= Task to complete =
All of the data is to be printed exactly, though the images must be left off.

= Data extract =
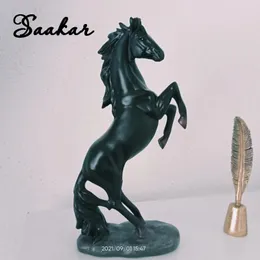 Dekorative Objekte Figuren Harz Moderne Pferdestatuette Tierfiguren für Zuhause Wohnzimmer Feng Shui Dekoration Innenraum Schlafzimmer Büro Dekor Objekte 231030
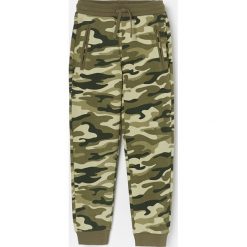 Joggery moro - Khaki. Brązowe spodnie męskie Reserved, moro. Za 59,99 zł.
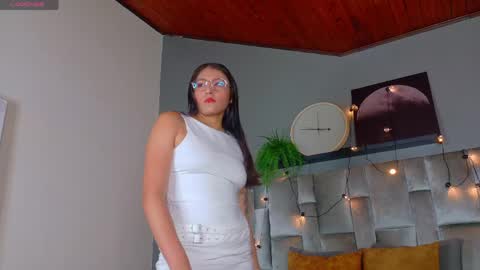 L I A   online show from 18, 5, 2026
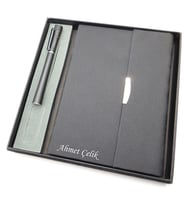 Signator® Codex  N201 Kişiye Özel Defterli Set - İsme Özel Siyah Kalem + İsme Özel Siyah Defter  İsme Özel Kutusunda Hediyelik Set (Karışık)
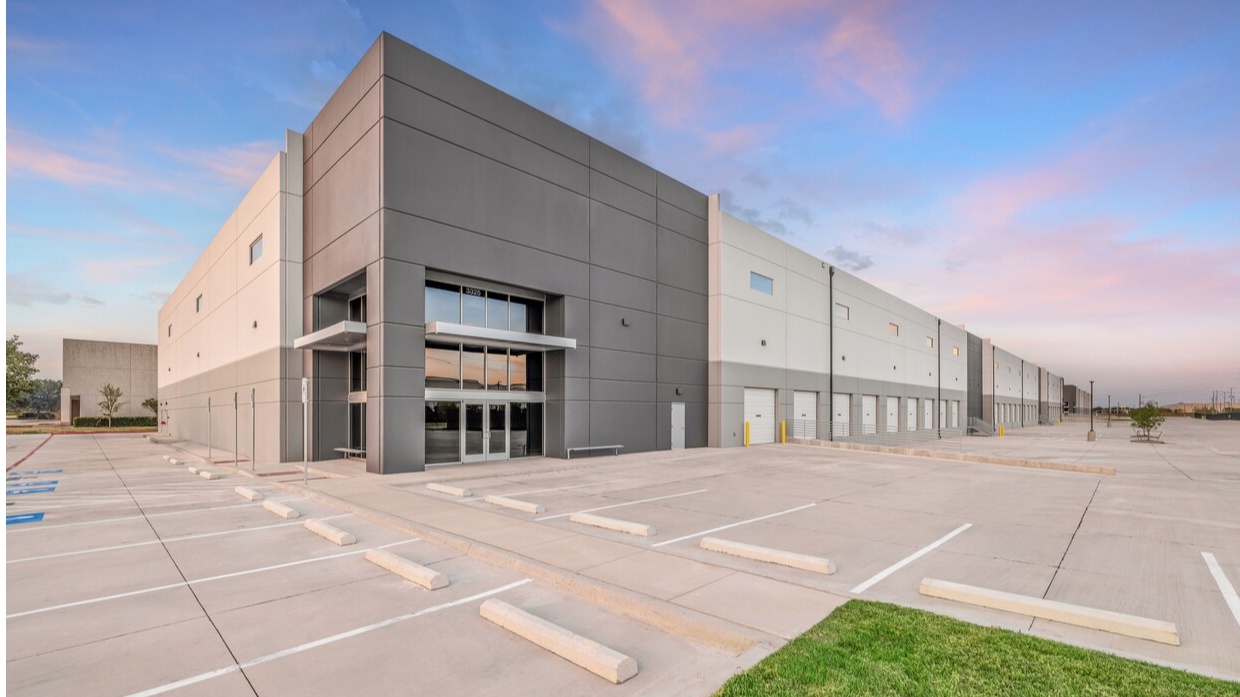 1102 S Jupiter Rd, Garland, TX Industrial Space for Lease or Sale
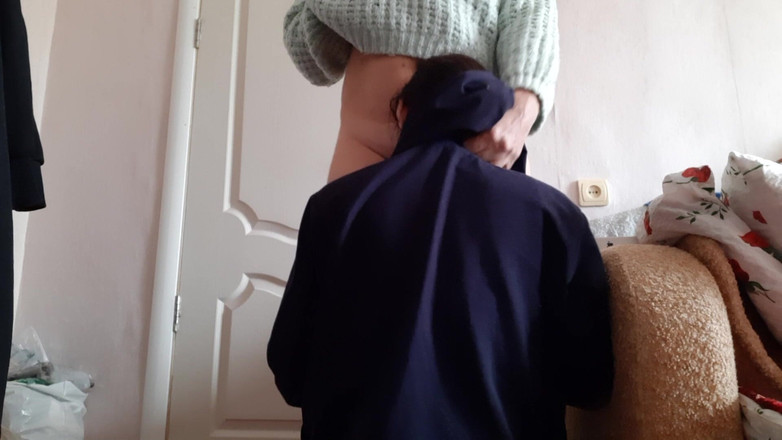 Lesbian-candys: 私の熱い義理の妹は、クンニリングス(トーキング付き)の贈り物に感謝しました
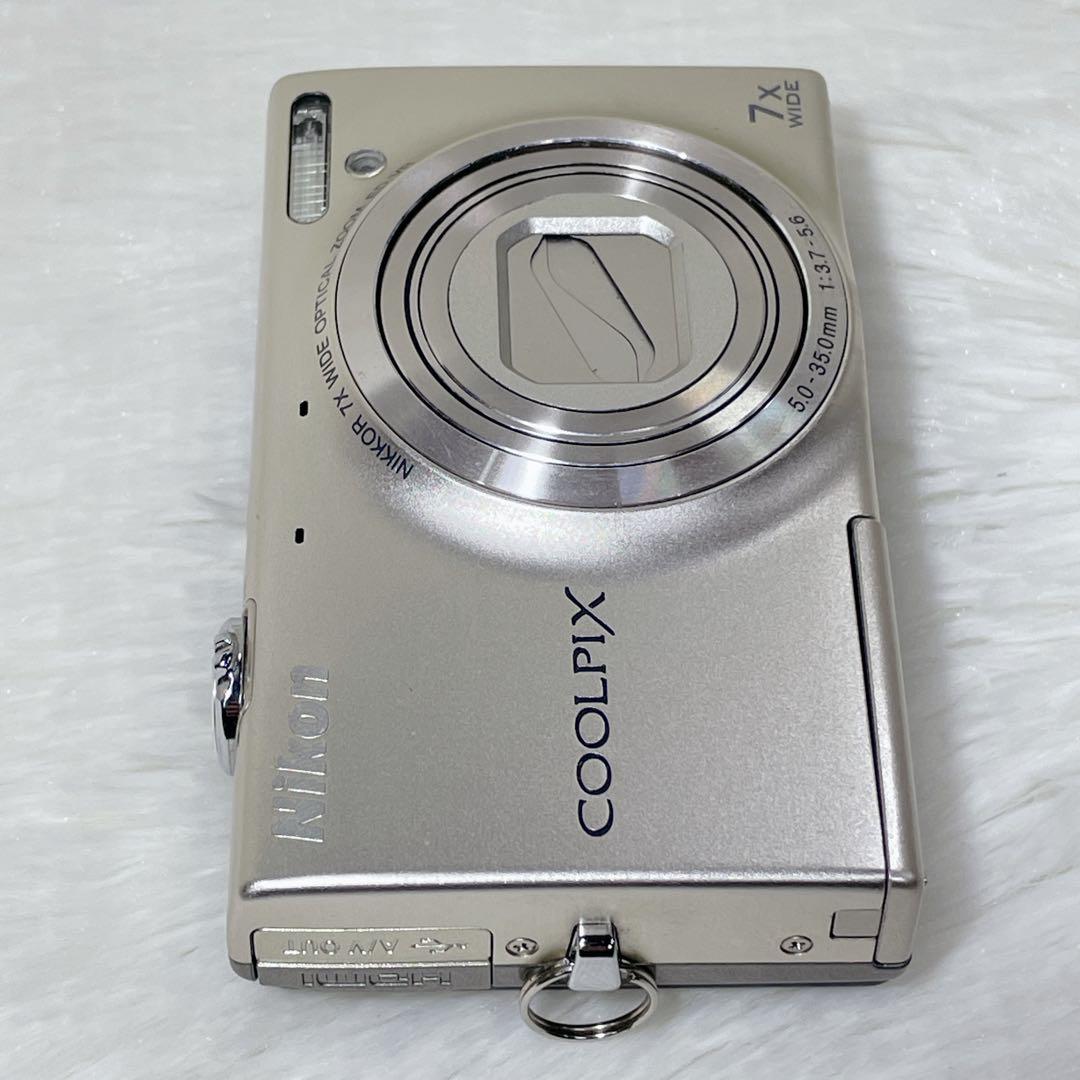 【✨美品✨】Nikon COOLPIX S6100【✨新品バッテリー付き✨】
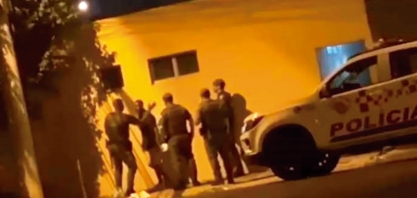 Governador anuncia afastamento de PMs que agrediram faxineiro em Ribeirão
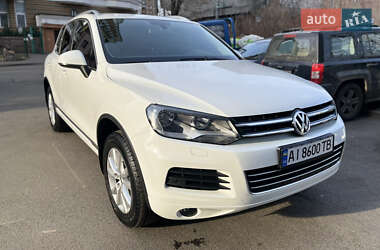 Внедорожник / Кроссовер Volkswagen Touareg 2013 в 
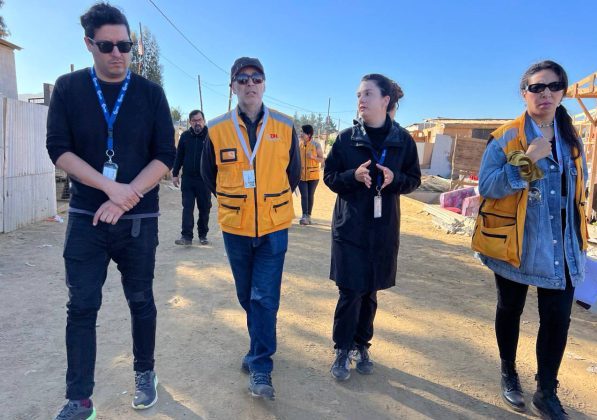 Municipio de Viña del Mar habilita albergues transitorios para habitantes de toma desalojada en Lajarilla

= Reply to the task =
 Dekorative Objekte Figuren Harz Moderne Pferdestatuette Tierfiguren für Zuhause Wohnzimmer Feng Shui Dekoration Innenraum Schlafzimmer Büro Dekor Objekte 231030
 Joggery moro - Khaki. Brązowe spodnie męskie Reserved, moro. Za 59,99 zł.
 L I A   online show from 18, 5, 2026
 Signator® Codex  N201 Kişiye Özel Defterli Set - İsme Özel Siyah Kalem + İsme Özel Siyah Defter  İsme Özel Kutusunda Hediyelik Set (Karışık)
 1102 S Jupiter Rd, Garland, TX Industrial Space for Lease or Sale
 Lesbian-candys: 私の熱い義理の妹は、クンニリングス(トーキング付き)の贈り物に感謝しました
 【✨美品✨】Nikon COOLPIX S6100【✨新品バッテリー付き✨】
 Governador anuncia afastamento de PMs que agrediram faxineiro em Ribeirão
 Внедорожник / Кроссовер Volkswagen Touareg 2013 в 
 Municipio de Viña del Mar habilita albergues transitorios para habitantes de toma desalojada en Lajarilla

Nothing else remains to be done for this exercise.